M. Philippe Richert. Tout à fait !
M. Daniel Millaud. Je demande la parole pour explication de vote.
M. le président. La parole est à M. Millaud.
M. Daniel Millaud. Je souhaite d'abord indiquer à M. le ministre, au cas où il n'aurait pas lu le texte complet du traité, qu'un seul Etat membre, la Finlande, a précisé que cette directive s'appliquait aux îles Aland. Or ces dernières ne sont pas des territoires associés à l'Union européenne. Elles jouissent d'une situation tout à fait particulière, comme les îles Féroé, qui dépendent du Royaume du Danemark et où il n'y aura pas d'élections municipales.
Je vous rappelle également, monsieur le ministre, qu'un traité international s'applique dès qu'il a été ratifié, quelles que soient les dispositions constitutionnelles du droit interne. A cet égard, lisez donc le livre paru chez Masson !
Monsieur Allouche, s'agissant de l'application du traité de Rome aux territoires d'outre-mer, plusieurs arguments peuvent être avancés : le mensonge, l'incohérence, la mauvaise foi, la désinvolture, l'ignorance. Mais j'en évoquerai un autre pour parler de l'argent que nous donne l'Union européenne : l'escroquerie ! En effet, les droits de douane que nous perdons sont cinq fois plus élevés que l'inscription du Fonds européen de développement que nous devrions toucher, et que nous ne percevons pas même en totalité.
M. Philippe Richert. Je demande la parole pour explication de vote.
M. le président. La parole est à M. Richert.
M. Philippe Richert. J'avoue avoir été tout à fait convaincu par le plaidoyer de notre excellent collègue M. Daniel Millaud, auquel je veux rendre un hommage appuyé pour sa persévérance et pour sa très grande écoute, s'agissant de tous les dossiers concernant les territoires d'outre-mer. Nul ne connaît aussi bien que lui tous les dossiers et toutes les juridictions. Je lui fais donc confiance a priori.

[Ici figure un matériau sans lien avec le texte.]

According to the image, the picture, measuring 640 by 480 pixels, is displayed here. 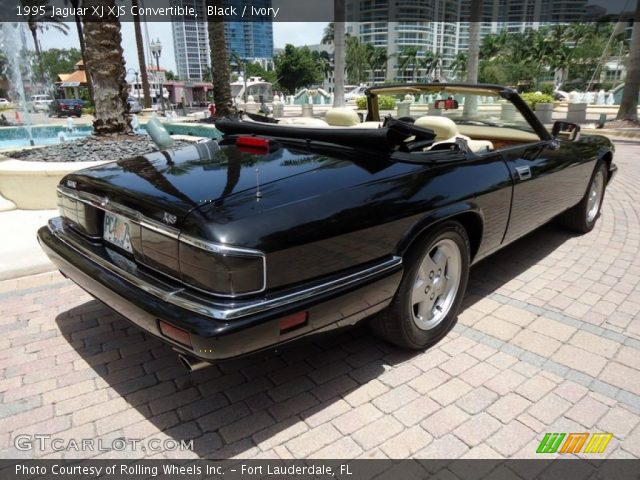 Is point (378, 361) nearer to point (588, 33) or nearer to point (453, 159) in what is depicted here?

Au-delà, je dirai à notre collègue M. Guy Allouche que la meilleure façon de donner au Conseil constitutionnel l'occasion de se prononcer sur le dossier, c'est de voter la disposition.
M. Guy Allouche me paraît donc pris à son propre jeu !
M. Guy Allouche. Pas du tout !
M. Philippe Richert. Il nous invite à donner l'occasion au Conseil constitutionnel de se prononcer. Donnons-la lui en adoptant cet amendement !
M. le président. Personne ne demande plus la parole ?...
Je mets aux voix l'amendement n° 10, repoussé par le Gouvernement.
(L'amendement est adopté.)
M. le président. Personne ne demande la parole ?...
Je mets aux voix l'article 12, ainsi modifié.